START MATERIAL FOR THIS TASK

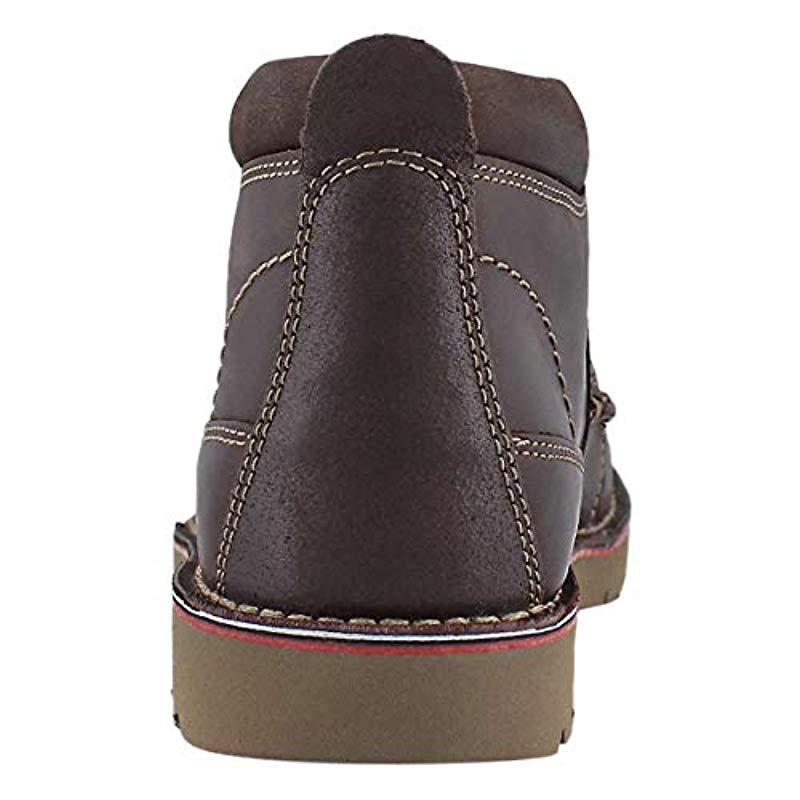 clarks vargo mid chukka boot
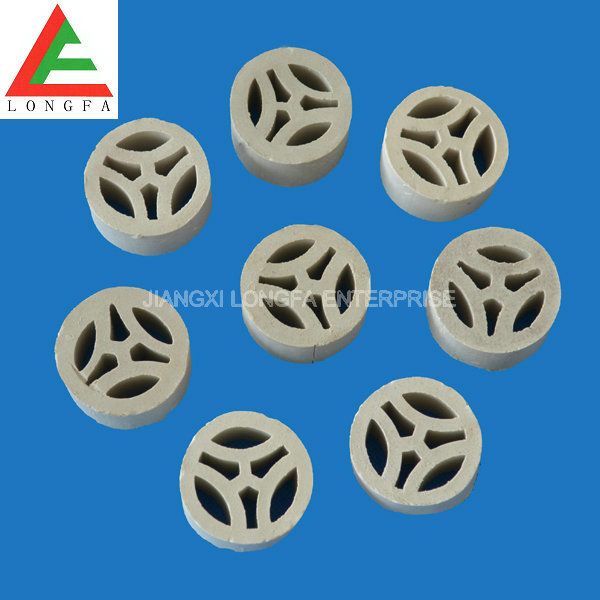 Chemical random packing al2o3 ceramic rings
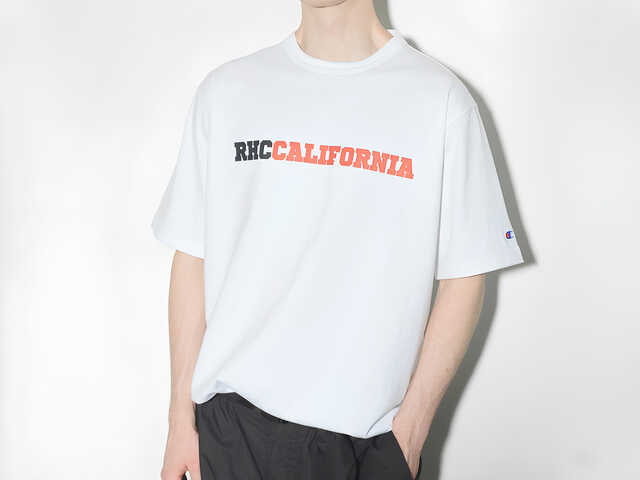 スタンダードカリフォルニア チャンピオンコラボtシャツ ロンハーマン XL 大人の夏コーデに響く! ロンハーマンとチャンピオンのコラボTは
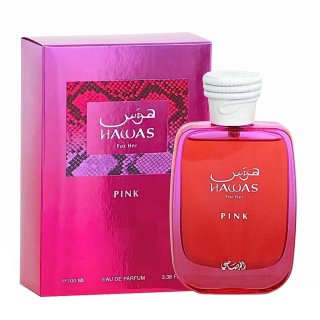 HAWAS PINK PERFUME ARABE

END MATERIAL FOR THIS TASK
START MATERIAL FOR THIS TASK

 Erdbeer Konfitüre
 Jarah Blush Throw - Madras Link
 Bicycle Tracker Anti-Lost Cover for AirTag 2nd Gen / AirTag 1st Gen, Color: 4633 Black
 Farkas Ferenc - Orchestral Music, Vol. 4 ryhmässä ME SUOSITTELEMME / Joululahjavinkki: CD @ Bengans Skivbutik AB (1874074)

END MATERIAL FOR THIS TASK
START MATERIAL FOR THIS TASK

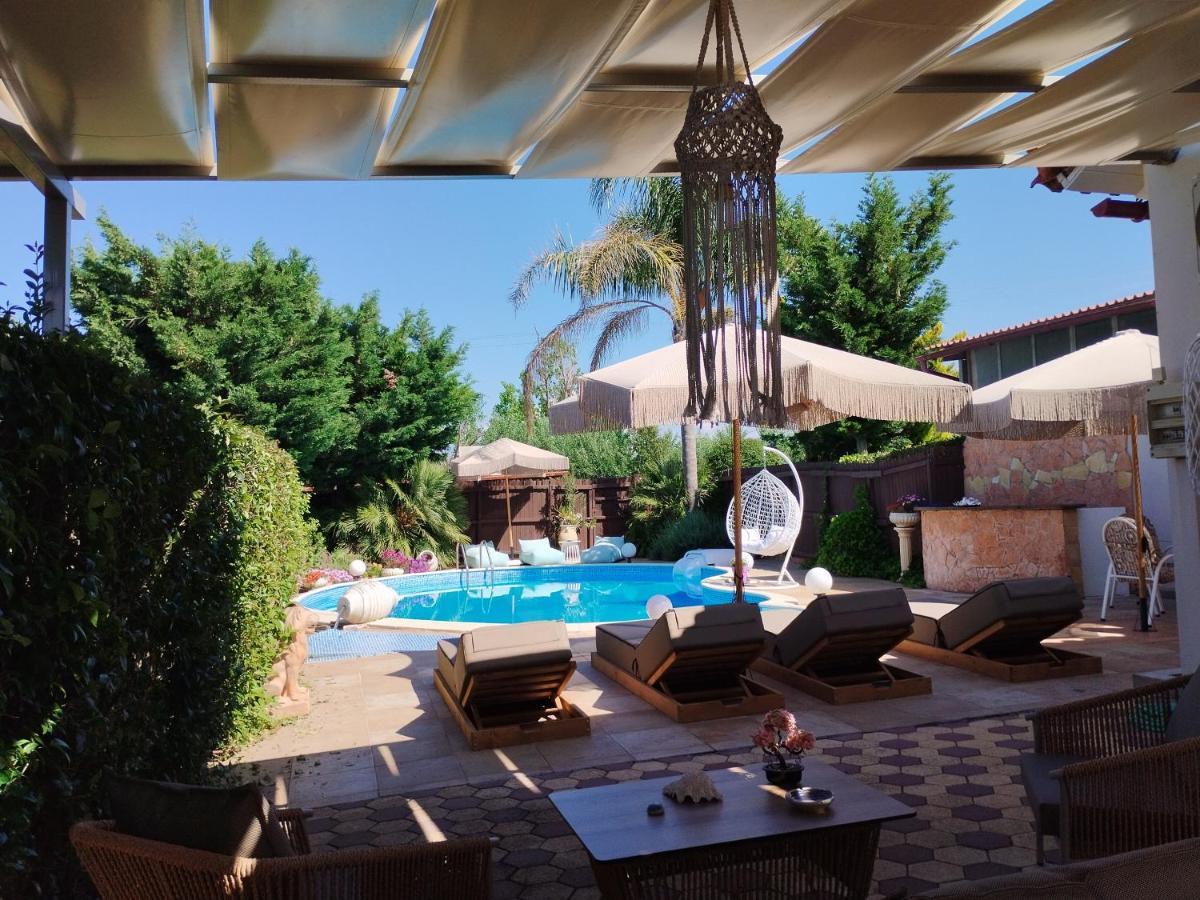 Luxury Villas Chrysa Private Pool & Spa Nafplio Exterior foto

END MATERIAL FOR THIS TASK

YOUR GOAL: Would you give again, exactly, the lines in the data above that run from the line containing "スタンダードカリフォルニア チャンピオンコラボtシャツ ロンハーマン" to the line containing "HAWAS PINK PERFUME ARABE"? Include both ends and no pictures.

RESPONSE AREA:
 スタンダードカリフォルニア チャンピオンコラボtシャツ ロンハーマン XL 大人の夏コーデに響く! ロンハーマンとチャンピオンのコラボTは
 HAWAS PINK PERFUME ARABE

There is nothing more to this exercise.